**Instructions to follow:** The pictures in the listing below are to be skipped, while the lines between the line holding "クリスチャンディオール Christian Dior CDロゴ ワンポイントストーン" and the line holding "Real estate investment, mortgage", inclusive, are to be output exactly.

**Dataset:**
—————
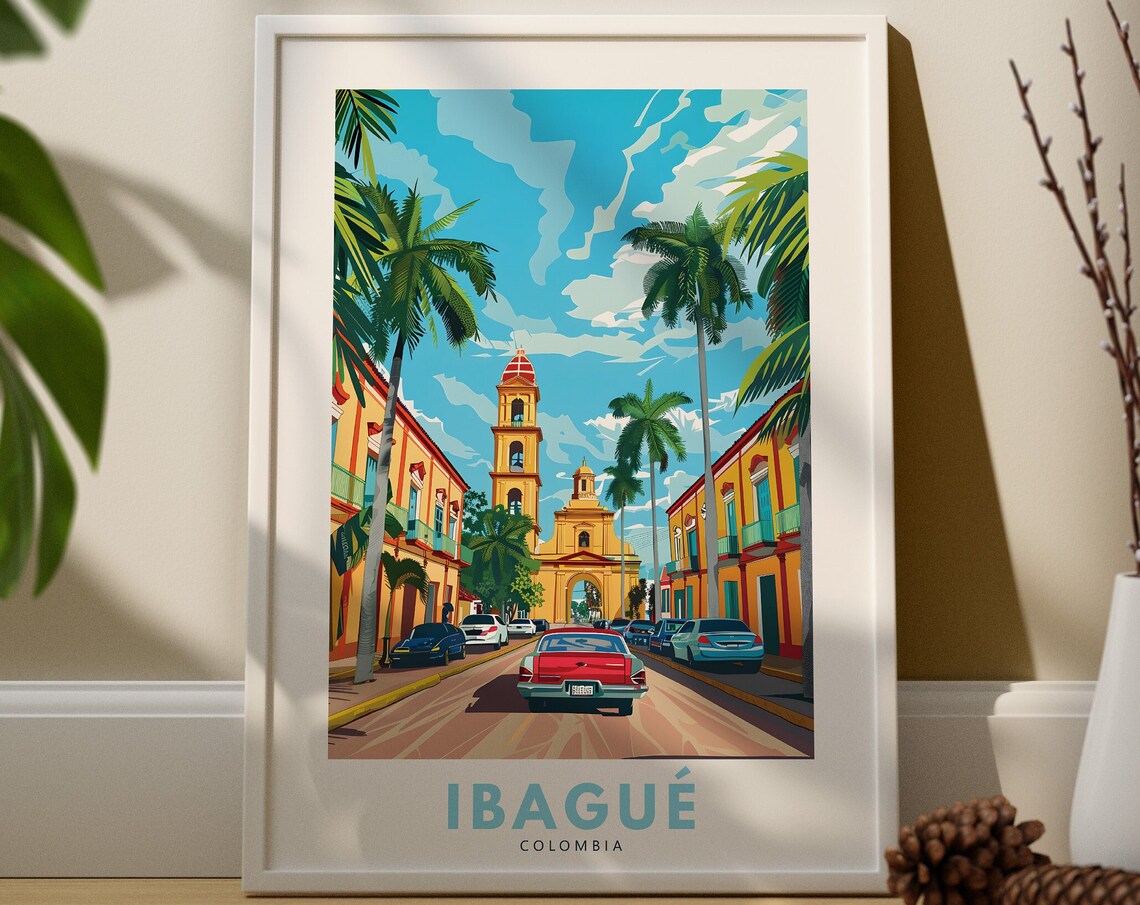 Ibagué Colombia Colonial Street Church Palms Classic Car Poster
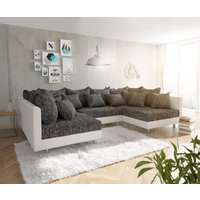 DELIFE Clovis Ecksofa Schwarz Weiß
—————
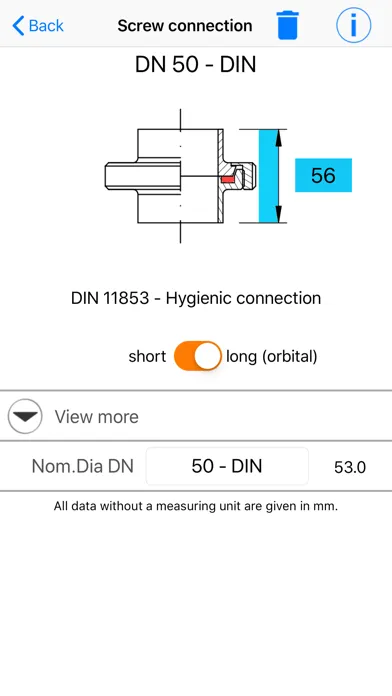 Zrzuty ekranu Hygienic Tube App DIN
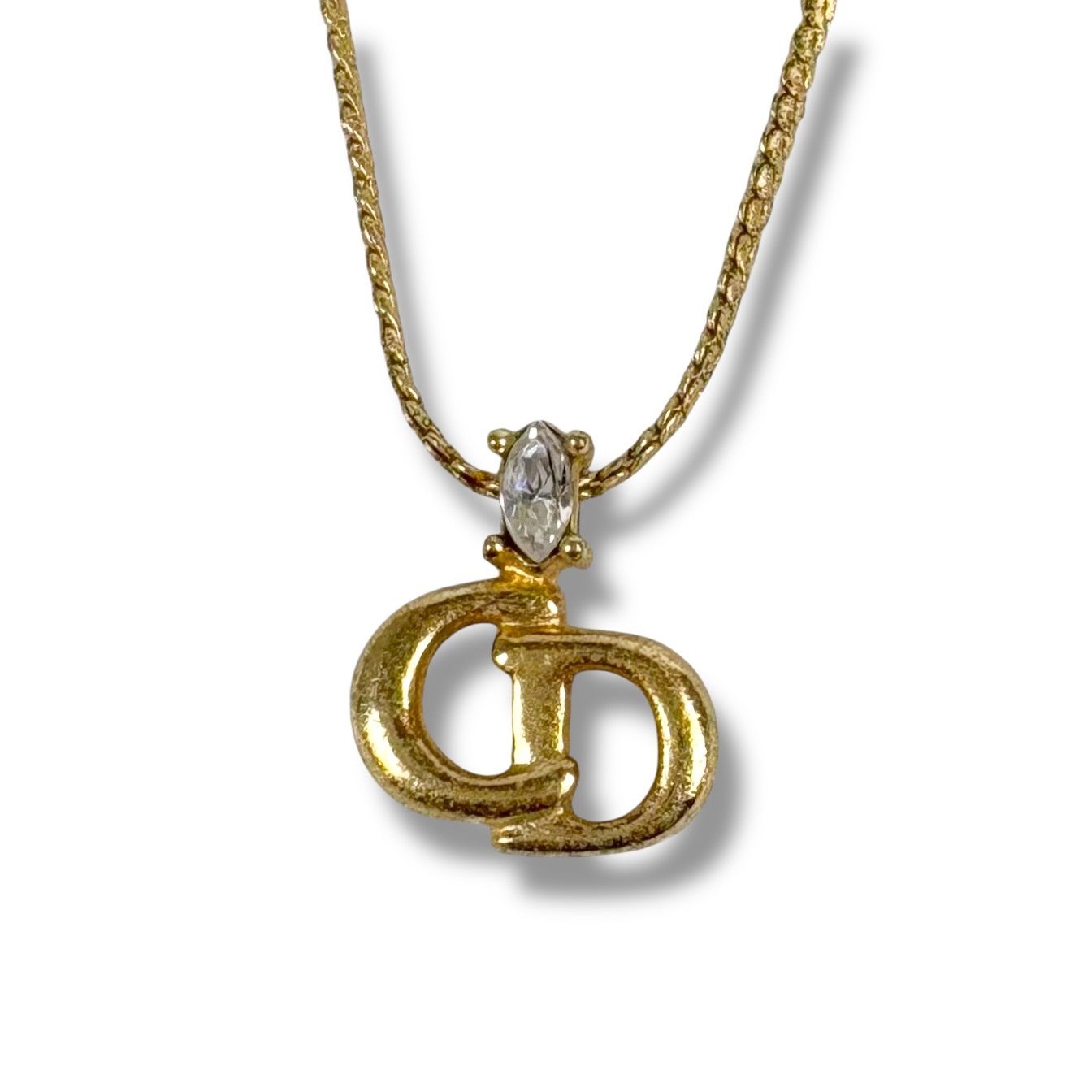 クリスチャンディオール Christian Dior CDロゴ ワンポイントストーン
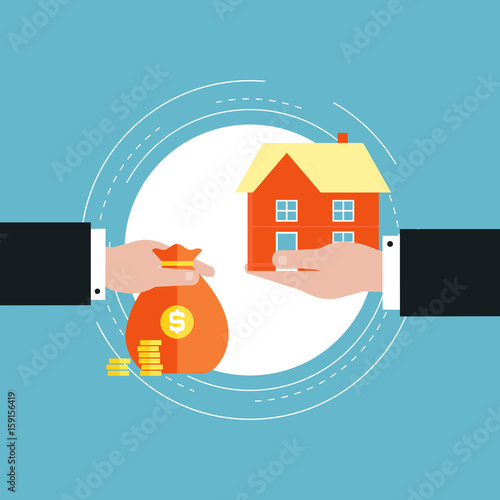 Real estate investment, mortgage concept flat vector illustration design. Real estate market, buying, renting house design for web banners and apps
—————
**Task result:**
 クリスチャンディオール Christian Dior CDロゴ ワンポイントストーン
 Real estate investment, mortgage concept flat vector illustration design. Real estate market, buying, renting house design for web banners and apps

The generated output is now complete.